When we plan services in our church, complete with worship, announcements, video, sermon and all the transitions between the different points in the service; we have a perfect picture of how we want the service to look and how we want it to come off to people. And in forty years of conducting thousands of services in the ministry, we have never even once pulled off a service perfectly in the way we originally planned it. Not once. Either we will leave out a tag on a song, or we will forget to take the offering, or pray, or leave out an announcement, or the video will freeze, or the sound will squeal, or something; usually several things. I don’t remember a single service where we went away saying, “Everything was perfect.”
We have a friend in California who runs a manufacturing company where they make metal and aluminum parts for aerospace. They are known for making some of the highest precision parts in the industry and my friend prides himself in excellence.
Then the government got involved by upping their requirements. They said, “If you want to continue to secure government contracts, your specifications have to be even better. My friend didn’t think they could get any better. But he spent thousands of dollars on new more precise machines and a quality control manager, and now they are landing a lot of new contracts because their machine work has improved even more.
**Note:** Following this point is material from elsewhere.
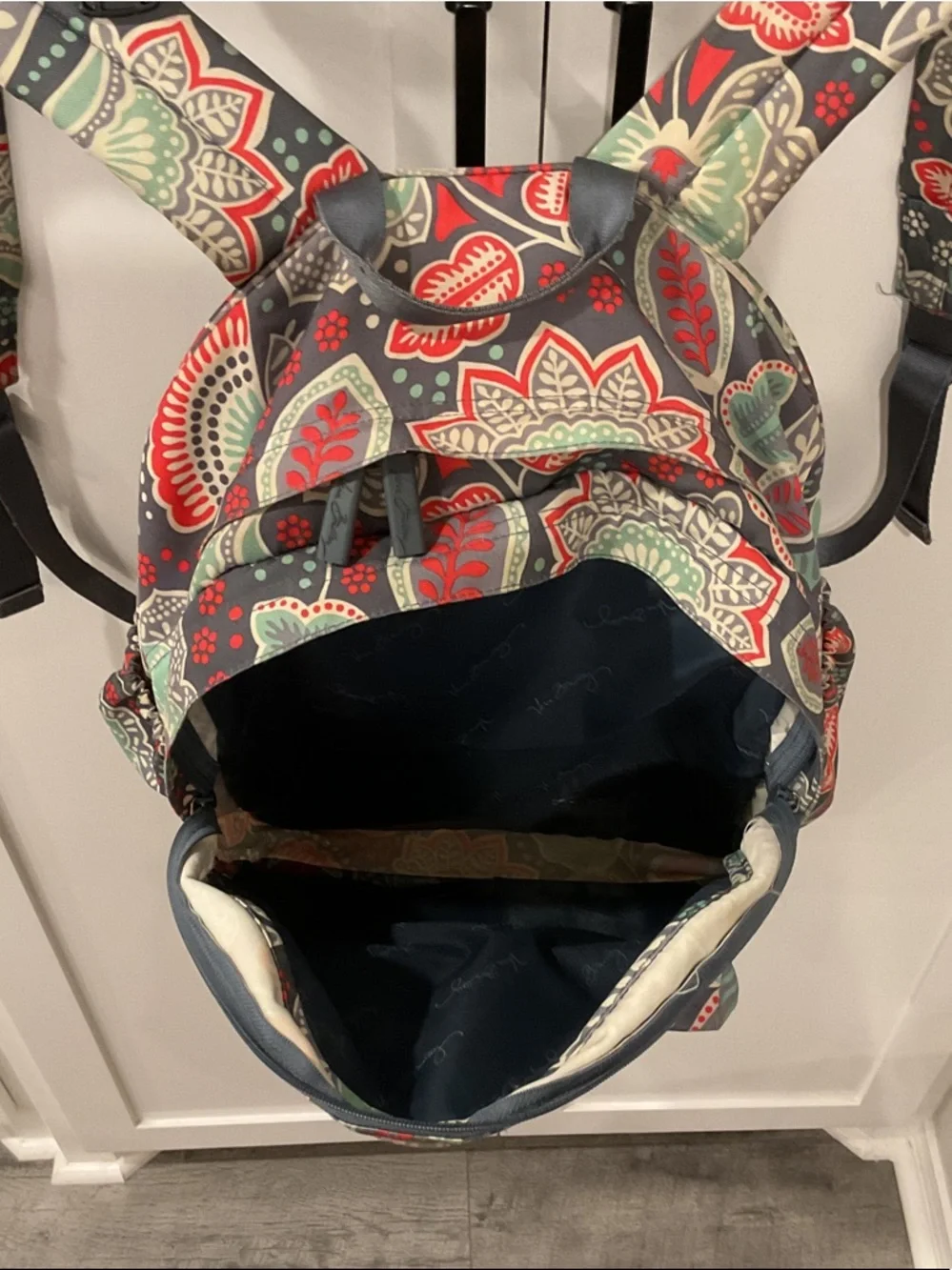 Vera Bradley Floral Backpack in Gray, Red, Green
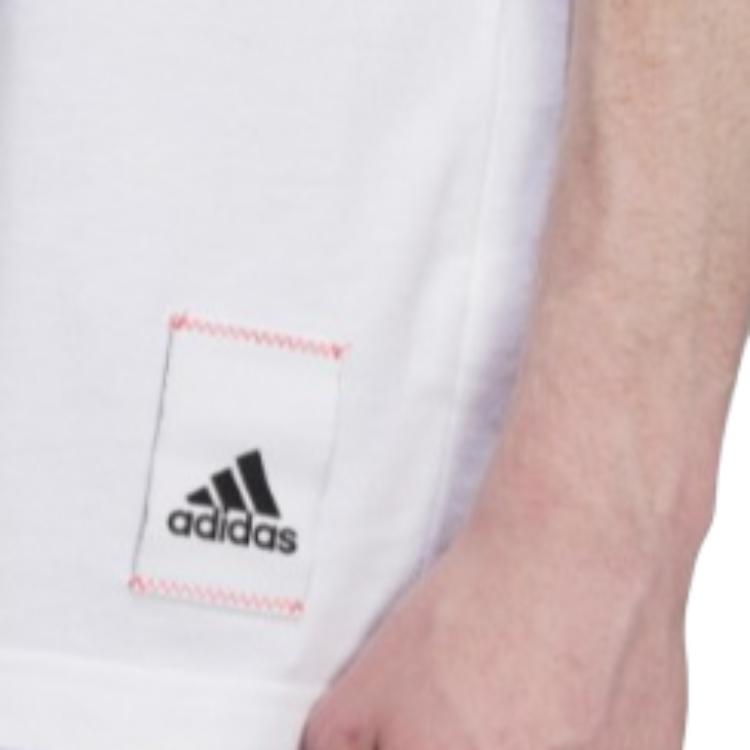 adidas Цветной блок логотип вышитый круглый вырез свободный короткий рукав футболка унисекс футболки белый светло-серый IT6401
However, my friend told me recently, “Our parts are more precise than most everyone’s in the business. But if the truth were known, they still aren’t perfect. You see every part is off ever so slightly, simply because the thickness of the measurement lines alone, take up space and diminish the precision.
Do you know why it is this way? Because humans can’t be perfect, and the things they make can’t be perfect. We fall short. We actually fall short in every walk of life; in mathematics, in education, in sports, in business, in entertainment, in technology.
My son got a smart phone a while back. About three smart phones later, because none of them worked right, I heard him say as he thumped it with his finger, “What’s the matter with this stupid thing?” Even our smart phones are stupid.
We also fall short in righteousness. And yet Jesus said in Matthew 5:48, “Be perfect even as your Father in heaven is perfect.” How do we do that?
Imagine that our moral lives are represented by a continuum numbering from one to ten, ten being perfect. We all know “ten” is a pipedream for us humans. “One” might be possible for us. But if God wants us to be perfect, what are we to do?
Well, God has a made a deal with us. Romans 3:22 says, “We are the righteousness of God in Christ.” So, if we trust Christ as Savior, His righteousness spans our continuum and makes up the difference between our imperfection and God’s perfect standard. If we have been Christians longer and perhaps have risen to a two on our continuum, Jesus righteousness covers the remaining eight points between us and God’s perfect standard. Jesus is our buffer regardless of how far we fall short.
How do we be perfect? We trust Christ and allow His Spirit to guide us as we attempt to be the best people we can be. And where we falter, Jesus has us covered.